Breaking out of a loop without a break statement [C]

Community
  • 1
  • 1
Matsmath
  • 1,164
  • 2
  • 21
  • 40
  • 3
    "break" means that execution will jump to the first statement after the innermost loop – M.M May 05 '16 at 14:35
  • 7
    To answer your performance concerns, compare the generated assembly between the two versions (with optimization enabled) – M.M May 05 '16 at 14:36
  • 6
    The second approach seems dangerous as it will come a day when the loop limit variable will change from `bound` to `size` and you'll forget to replace the second `bound`. – atturri May 05 '16 at 14:41
  • 3
    "I have no good understanding of what it *actually* does." Well, that's curious, it's one of the most straightforward constructs out there. It just jumps immediately out of the loop. – Matteo Italia May 05 '16 at 14:45
  • 4
    1) use the construct that more clearly expresses intent (and learn the behavior of the `break` statement - it will likely be more clear to most programmers); 2) there is probably no performance difference of any consequence; 3) there might be a behavior difference (particularly if the loop control variable isn't local to the loop), be careful of this; 4) as others note, there might be consequences for future code maintenance – Michael Burr May 05 '16 at 15:13

5 Answers5

7

Using break will be more future proof and more logical.

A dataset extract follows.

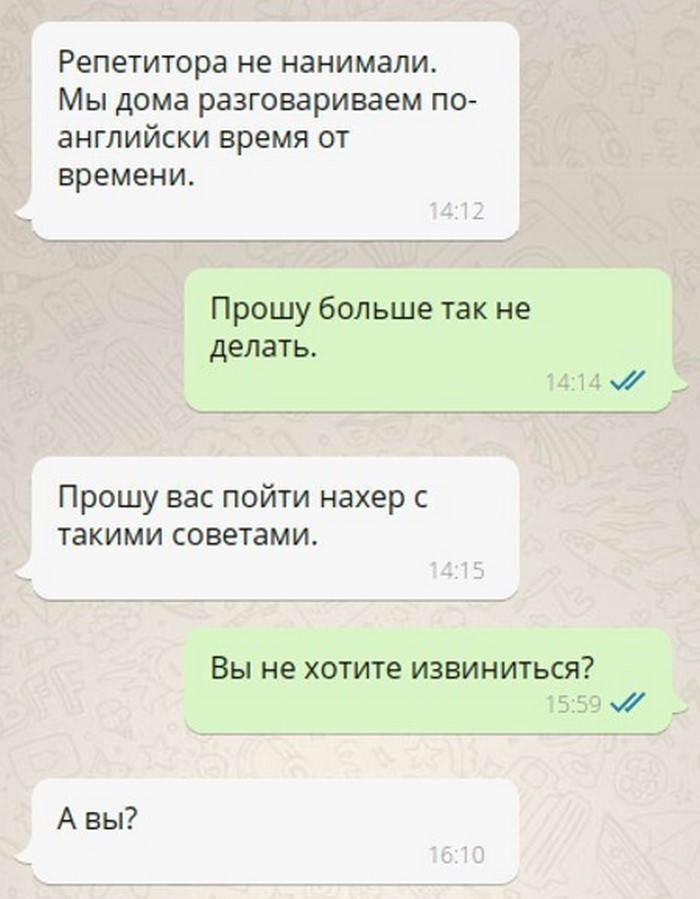 elena_p2017's tweet photo. 🤣 https://t.co/d1d3ibHDDC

Consider the following example,

for (i = 0; i < NUM_OF_ELEMENTS; i++)
{
     if(data[i] == expected_item)
         break;
} 

printf("\n Element %d is at index %d\n", expected_item, i);

But the second method won't be useful here.

Jeyaram
  • 9,158
  • 7
  • 41
  • 63
5

There are three main technical differences that come to mind:

  • as other have stated, if your index variable is not confined to the for scope break leaves it intact, while your method destroys its content; when you are searching e.g. an array with break the code is more concise (you don't have to keep an extra variable to write down where you stopped);
  • break quits the loop immediately; your method requires you to execute the rest of the body. Of course you can always write:

    for(int i=0; i<n; ++i) {
        if(...) {
            i=n;
        } else {
            rest of the loop body
        }
    }
    

    but it adds visual and logical clutter to your loop;

  • break is almost surely going to be translated to a simple jmp to the instruction just following the loop (although, if you have block-scoped variables with a destructor the situation may be more complicated); your solution is not necessarily recognized by the compiler as equivalent.

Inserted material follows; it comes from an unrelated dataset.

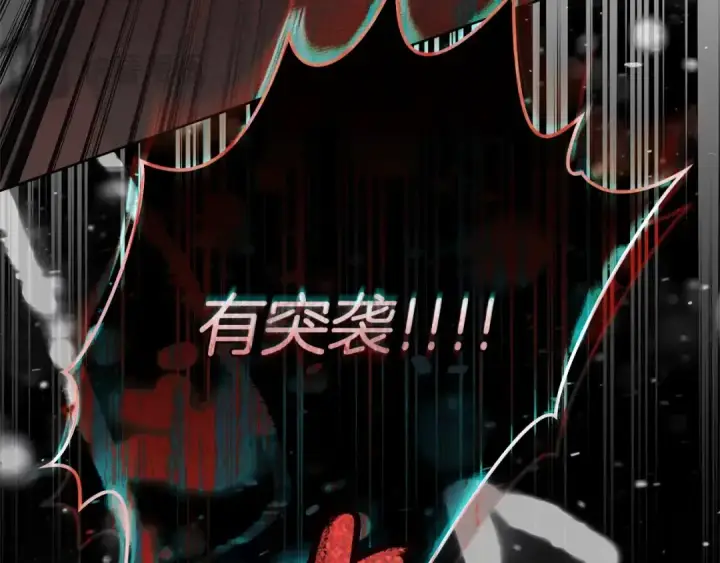 漫画《橡树之下》第119话 遭遇山精第106张图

    You can actually see it here that gcc goes all the way to generate the code that moves n into i, while in the second case it jumps straight out of the loop.

On the stylistic side:

  • I find "your way" to be overly complicated and not idiomatic - if I encountered it in real code I would ask myself "why didn't he just use a break?", and then check twice to make sure that it's not like I'm missing some side effect and that the intent was actually just to jump out of the loop;
  • as other said, there's some risk of your inner assignment to go out of sync with the actual loop condition;
  • it doesn't scale when the loop condition becomes more complicated than a simple range check, both on the logic side (if the loop condition is complicated then tricking it can become more complicated) and on the performance side (if the loop condition is expensive and you already know you want to exit you don't want to check it again); this too can be circumvented by adding an extra variable (which is typically done in languages that lack break), but that's again extra distractions from what your algorithm is actually doing;
  • it doesn't work at all with range-based loops.
Matteo Italia
  • 123,740
  • 17
  • 206
  • 299
  • This assembly output is much appreciated. It certainly pushes me towards the right direction. – Matsmath May 05 '16 at 15:07
  • A better example is two functions that have the same behaviour, so they *could* be compiled to the same asm if the compiler "saw through" this odd idiom. I [moved the `ret += arr[i]` above the `if` in your example](https://godbolt.org/g/McK0X2). As it turns out gcc 6.1 uses `cmov` for the `if`, which increases the length of the loop-counter dependency chain from 1 cycle to 3 cycles (Intel pre-Broadwell) or 2 cycles (Broadwell and later). With no unrolling, the "normal" version can run at one per 2 cycles, but the `i=c` version can only run at one per 3 cycles (pre-Broadwell). – Peter Cordes May 06 '16 at 16:54
  • @PeterCordes: wops, that was definitely not intended; I'll fix the link ASAP. – Matteo Italia May 06 '16 at 20:24
  • Perfect example of why the `i=c` idiom is horrible! Already led to a bug in the trivial code in the answer talking about it. While you're updating your link, you should prob. leave out `-ansi`. That doesn't make sense if you're specifying `-std=c++11`. (I used `-xc -std=c11`, since Godbolt doesn't directly provide C compilers.) Also not needed: `-m32`. The 64bit ABI passes args in regs, so there's less noise. – Peter Cordes May 06 '16 at 20:38
3

I prefer break; because it leaves the loop variable intact.
I frequently use this form while searching for something:

int i;
for(i=0; i<list.size(); ++i)
{
    if (list[i] == target) // I found what I'm looking for!
    {
        break;  // Stop searching by ending the loop.
    }
}

if (i == list.size() ) // I still haven't found what I'm looking for -U2
{
    // Not found.
}
else
{
    // Do work with list[i]. 
}

Are the compiled binaries different?
Almost certainly yes.
(although an optimizer may recognize your pattern, and reduce them to nearly the same)
The break; statement will likely be an assembly "jump" statement to jump to the next instruction outside the list, while leaving the control variable unchanged.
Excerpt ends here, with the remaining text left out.